Winner: NSW racing administrator Lindsay Murphy.Credit:Jenny Evans

The year 1977 was a very good one for the Sydney Turf Club, with Luskin Star producing one of the best Golden Slipper wins, women’s rights breaching the member’s enclosure, the first computerised tote meeting and Lindsay Murphy.

Now 63, Murphy will be the last STC heavyweight, on ability more than girth, to leave the centre stage of NSW racing.

The STC was a major contributor to the most dynamic turf period in the state, which is now controlled by the iron hand of Racing NSW supremo Peter V’landys, with the Australian Turf Club – a combination of the STC and the then controlling body, the Australian Jockey Club – just a subsidiary.

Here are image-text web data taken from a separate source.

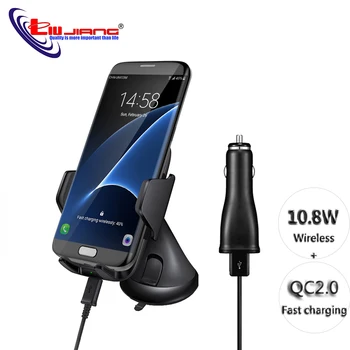 

WOJOQ Charging Car Mount Holder Qi Wireless Charger For iphone X Xs Max Xr QC2.0 Car Charging Pad Phone For samsung S10 S9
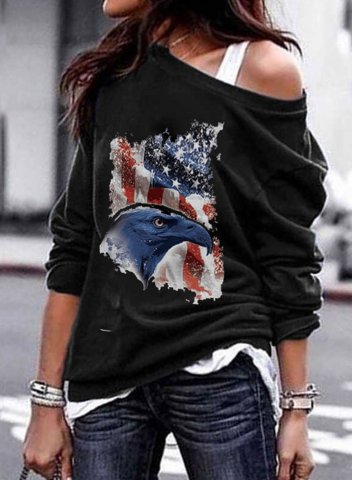 Women's Sweatshirts Animal American Flag Print One-shoulder Long Sleeve Sweatshirt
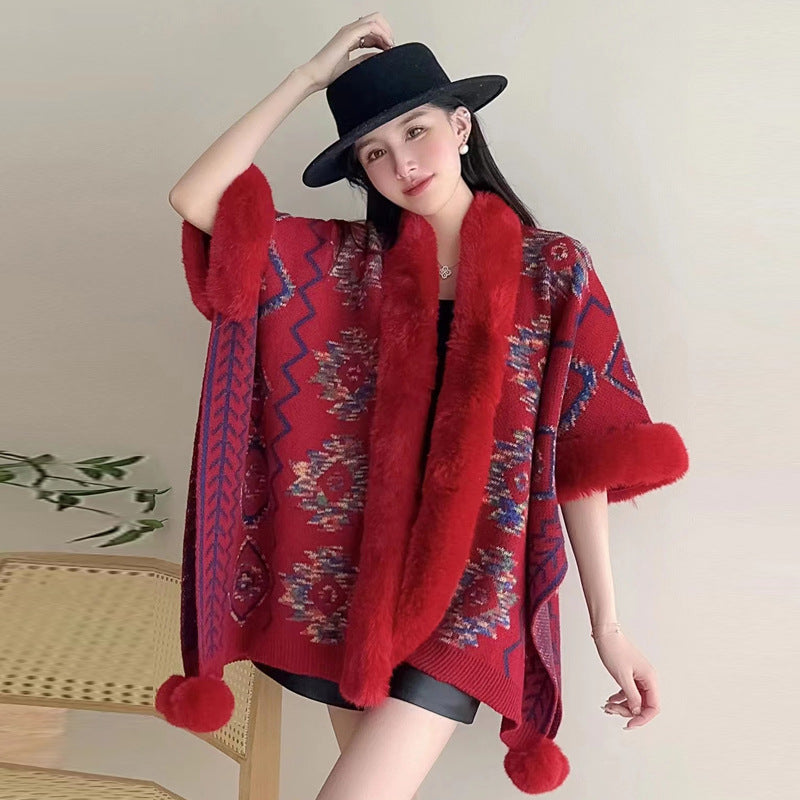 Wholesale Western Style Aztec Fur Ball Shawl Polyester Silk Cape Cape Cardigan Jacket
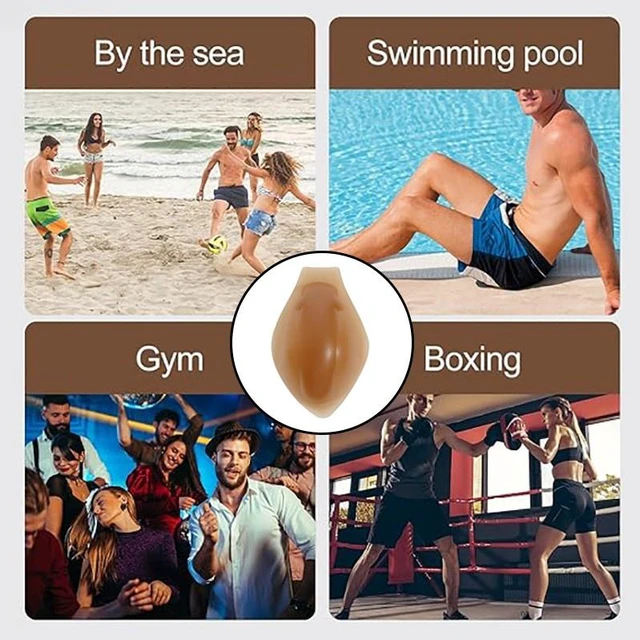 Alt view image 7 of 7 - Men's 3D Silicone Pouch Pads for Swimwear, Invisible Front Enhancing Underwear Inserts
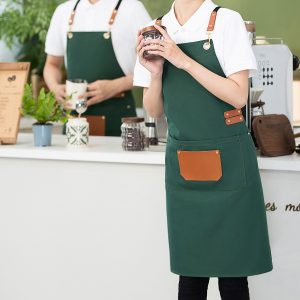 Ποδιά με τσέπη Polyester 64Χ78 εκ. Πράσινη με λεπτομέρειες PU - KESKOR 65700-4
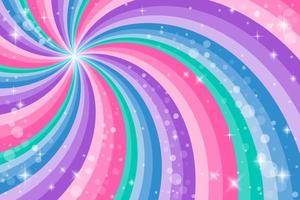 Rainbow swirl background with stars. Radial gradient rainbow of twisted spiral. Vector illustration.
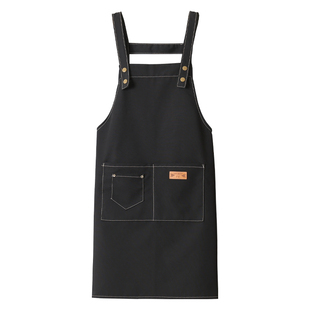 奶茶店围裙定制logo印字女可爱日系韩版家用厨房工作服套装帽子男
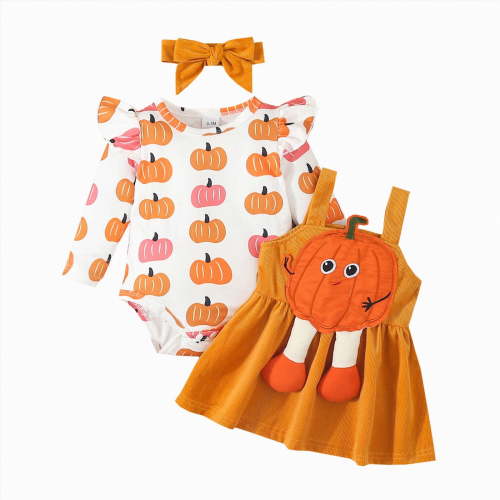 CAICJ98 My First Halloween Baby Boy Outfit Suspender Skirt Long Sleeve Newborn Ruffled Pumpkin Romper Baby Girl Dress Fall Clothes Infant Girls Gifts Orange,Size 0-3 Months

No doubt the major influence for STC success was the way they groomed their staff, and Murphy is a prime example. Murphy began with the club in 1977 as a junior clerk in the office after being  interviewed by the stalwarts Pat Parker, the CEO from 1976-2000, and John Nicholson, later  racing secretary from 1980 until the merger. Murphy moved on to get his hands soiled with tracks  under the energetic John Jeffs.

Murphy, now general manager of racecourses for the ATC, will officially retire at the end of the month at a time when services in Sydney,  overall, have  never been better.

Hopefully the STC’s contribution, detailed in Gary Lester’s  The Essential Club, will never be dimmed. Yes, the introduction of the Golden Slipper possibly tops the bill, changing the face of  Australian racing, and a plethora of other great races after groundbreakers like barrier stalls and photo finish cameras.

Perhaps the computerised tote, which was rocket science at the time, was a dual STC-AJC venture, but it was  introduced at Canterbury on June 15, 1977, and took punters into a new age of betting.

The AJC was also shy of admitting women as full members but not the STC, which pushed for them in 1977 and gave 26 full privileges in 1978.

Murphy maintains that Jim Fleming, the food store magnate who took his “Fabulous Flemings”  enthusiasm into the club as STC chairman, was the most dynamic administrator.

“He just wanted new ideas and made you carry a notebook to monitor where they were going,” Murphy recalled. “He didn’t mind if they didn’t prove successful but wanted them fully explored.”

Fleming challenged the Melbourne Cup prizemoney with the Golden Slipper, just an earlier example  of the Sydney-Melbourne rivalry which took a new turn this week when a $400,000  prize for jockeys – the Star of the Saddle – was announced to keep them in Melbourne for the spring after an aged SMH hack recently suggested V’landys put a World Jockeys Championship on to get the best and  keep them in Sydney over the same period.

Obviously, Fleming was more V’landys than AJC. Beancounters grimaced at Fleming’s venture into a  hurdle racing day at Rosehill that didn’t take off, like his introduction of an international event  to the Sydney autumn scene.

“Jim was before his time getting European horses here," Murphy reckons. “We just didn’t have  the facilities to handle them.”

However, the Tancred carried internationals in 1988 and 1989 on Golden Slipper day but ceased as  board members figured the promotion was too costly given the club paid the exes of the visitors.

With Sandown in Melbourne in danger of the auctioneers hammer, Murphy favours keeping Canterbury as a racecourse.

“Racing surfaces are now good and more consistent because we have five tracks operating,” he  stressed.

“Even Warwick Farm, which is in need of a rebuild, is playing better at present, and our major circuits,  Randwick and Rosehill, have been racing well despite recent heavy conditions.

“We will always get factors that will contribute to track bias, but modern methods mean that buckets of soil once used to replace divots are no longer required.”

Fortunately, Murphy won’t be lost to the industry. He is moving  to Gerringong and will become a director at the Illawarra Turf Club, which is putting in new tracks.

Recently, former big-spending STC directors, headed by colleague John Holloway, took Murphy to a  farewell lunch, washed down with Grange Hermitage – vintage 1977, a very good year.